[dm-devel] [PATCH v7 0/2] multipath-tools: intermittent IO error accounting to improve reliability

Tue Oct 24 01:57:21 UTC 2017

Hi Christophe and All,

This patch set adds a new method of path state checking based on accounting
IO error. This is useful in many scenarios such as intermittent IO error
on a path due to intermittent frame drops, intermittent corruptions, network
congestion or a shaky link.

This patch set is of significance because of this (quoted from the discussion
with Muneendra, Brocade):

There are typically two type of SAN network problems that are categorized as
marginal issues. These issues by nature are not permanent in time and do come
and go away over time.
1) Switches in the SAN can have intermittent frame drops or intermittent
   frame corruptions due to bad optics cable (SFP) or any such wear/tear port
   issues.

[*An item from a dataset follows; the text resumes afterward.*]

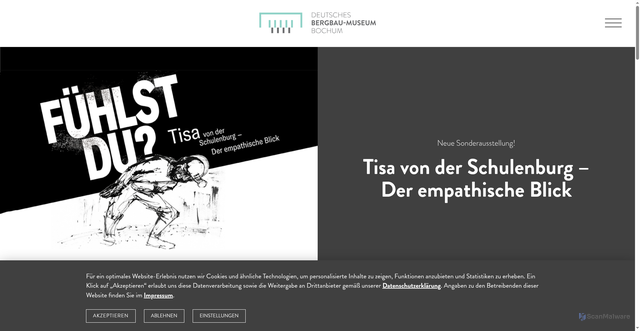 Security scan screenshot of http://www.bergbaumuseum.de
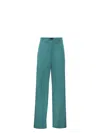 Max Mara Pianoforte Turquoise Satin Fiesta Wide-leg Pant In Green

This causes ITL flows that go through the faulty switch/port to
   intermittently experience frame drops.  
2) There exists SAN topologies where there are switch ports in the fabric
   that becomes the only  conduit for many different ITL(host--target--LUN)
   flows across multiple hosts. These single network paths are essentially
   shared across multiple ITL flows. Under these conditions if the port link
   bandwidth is not able to handle the net sum of the shared ITL flows bandwidth
   going through the single path  then we could see intermittent network
   congestion problems. This condition is called network oversubscription.
   The intermittent congestions can delay SCSI exchange completion time
   (increase in I/O latency is observed).

To overcome the above network issues and many more such target issues, there
are frame level retries that are done in HBA device firmware and I/O retries
in the SCSI layer. These retries might succeed because of two reasons:
1) The intermittent switch/port issue is not observed
2) The retry I/O is a new  SCSI exchange. This SCSI exchange can take an
   alternate SAN path for the ITL flow, if such an SAN path exists.
3) Network congestion disappears momentarily because the net I/O bandwidth
   coming from multiple ITL flows on the single shared network path is
   something the path can handle

However in some cases we have seen I/O retries don't succeed because the retry
I/Os hits a SAN network path that has intermittent switch/port issue and/or
network congestion. 

On the host thus we see configurations two or more ITL path sharing the same
target/LUN going through two or more HBA ports. These HBA ports are connected
to two or more SAN to the same target/LUN.
If the I/O fails at the multipath layer then, the ITL path is turned into
Failed state. Because of the marginal nature of the network, the next Health
Check command sent from multipath layer might succeed, which results in making
the ITL path into Active state. You end up seeing the DM path state going into
Active, Failed, Active transitions. This results in overall reduction in
application I/O throughput and sometime application I/O failures (because of
timing constraints). All this can happen because of I/O retries and I/O request
moving across multiple paths of the DM device. In the host it is to be noted
all I/O retries on a single path and I/O movement across multiple paths results
in slowing down the forward progress of new application I/O. Reason behind,
the above I/O re-queue actions are given higher priority than the newer I/O
requests coming from the application. 

The above condition of the  ITL path is hence called "marginal".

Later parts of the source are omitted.